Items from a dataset
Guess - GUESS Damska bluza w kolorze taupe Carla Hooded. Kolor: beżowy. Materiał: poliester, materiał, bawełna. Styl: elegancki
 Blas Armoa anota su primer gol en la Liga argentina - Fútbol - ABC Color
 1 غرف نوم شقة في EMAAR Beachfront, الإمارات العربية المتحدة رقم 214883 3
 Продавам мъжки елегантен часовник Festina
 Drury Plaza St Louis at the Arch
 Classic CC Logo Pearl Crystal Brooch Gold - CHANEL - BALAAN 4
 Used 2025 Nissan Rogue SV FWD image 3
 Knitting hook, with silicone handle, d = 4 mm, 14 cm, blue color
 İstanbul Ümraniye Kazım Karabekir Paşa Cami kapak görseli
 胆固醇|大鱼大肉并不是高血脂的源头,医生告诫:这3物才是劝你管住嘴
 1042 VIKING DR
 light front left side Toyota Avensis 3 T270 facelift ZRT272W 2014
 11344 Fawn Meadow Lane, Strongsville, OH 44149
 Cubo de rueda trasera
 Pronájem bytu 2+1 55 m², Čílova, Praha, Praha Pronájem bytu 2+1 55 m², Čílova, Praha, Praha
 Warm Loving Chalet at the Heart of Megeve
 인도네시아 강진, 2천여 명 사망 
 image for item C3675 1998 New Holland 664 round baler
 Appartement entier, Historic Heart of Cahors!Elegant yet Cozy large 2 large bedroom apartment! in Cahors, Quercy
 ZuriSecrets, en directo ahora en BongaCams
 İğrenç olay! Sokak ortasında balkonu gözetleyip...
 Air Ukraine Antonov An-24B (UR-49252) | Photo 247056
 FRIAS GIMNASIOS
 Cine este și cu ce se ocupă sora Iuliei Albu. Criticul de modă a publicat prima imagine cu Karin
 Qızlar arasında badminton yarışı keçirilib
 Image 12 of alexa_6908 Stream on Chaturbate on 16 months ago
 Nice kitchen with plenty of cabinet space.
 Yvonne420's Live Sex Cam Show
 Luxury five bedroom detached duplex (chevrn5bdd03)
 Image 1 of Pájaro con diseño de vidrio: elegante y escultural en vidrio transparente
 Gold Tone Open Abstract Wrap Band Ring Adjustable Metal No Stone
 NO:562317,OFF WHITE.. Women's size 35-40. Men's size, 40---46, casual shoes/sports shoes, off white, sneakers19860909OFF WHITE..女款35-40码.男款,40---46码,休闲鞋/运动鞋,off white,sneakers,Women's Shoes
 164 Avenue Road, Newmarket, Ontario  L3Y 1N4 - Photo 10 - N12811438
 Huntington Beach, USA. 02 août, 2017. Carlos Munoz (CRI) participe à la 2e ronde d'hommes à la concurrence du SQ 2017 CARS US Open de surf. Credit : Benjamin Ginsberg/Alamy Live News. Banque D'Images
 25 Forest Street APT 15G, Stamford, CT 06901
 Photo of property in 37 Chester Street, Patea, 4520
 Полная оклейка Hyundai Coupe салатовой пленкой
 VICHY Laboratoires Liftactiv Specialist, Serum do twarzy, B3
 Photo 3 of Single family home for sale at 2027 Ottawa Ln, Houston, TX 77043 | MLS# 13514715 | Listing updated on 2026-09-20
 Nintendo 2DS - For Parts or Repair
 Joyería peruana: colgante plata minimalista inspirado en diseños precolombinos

Task to carry out:
The line containing "25 Forest Street APT 15G, Stamford, CT 06901" marks where to begin; the last line of the records marks where to stop. Copy both and all between, exactly.

Exercise response:
 25 Forest Street APT 15G, Stamford, CT 06901
 Photo of property in 37 Chester Street, Patea, 4520
 Полная оклейка Hyundai Coupe салатовой пленкой
 VICHY Laboratoires Liftactiv Specialist, Serum do twarzy, B3
 Photo 3 of Single family home for sale at 2027 Ottawa Ln, Houston, TX 77043 | MLS# 13514715 | Listing updated on 2026-09-20
 Nintendo 2DS - For Parts or Repair
 Joyería peruana: colgante plata minimalista inspirado en diseños precolombinos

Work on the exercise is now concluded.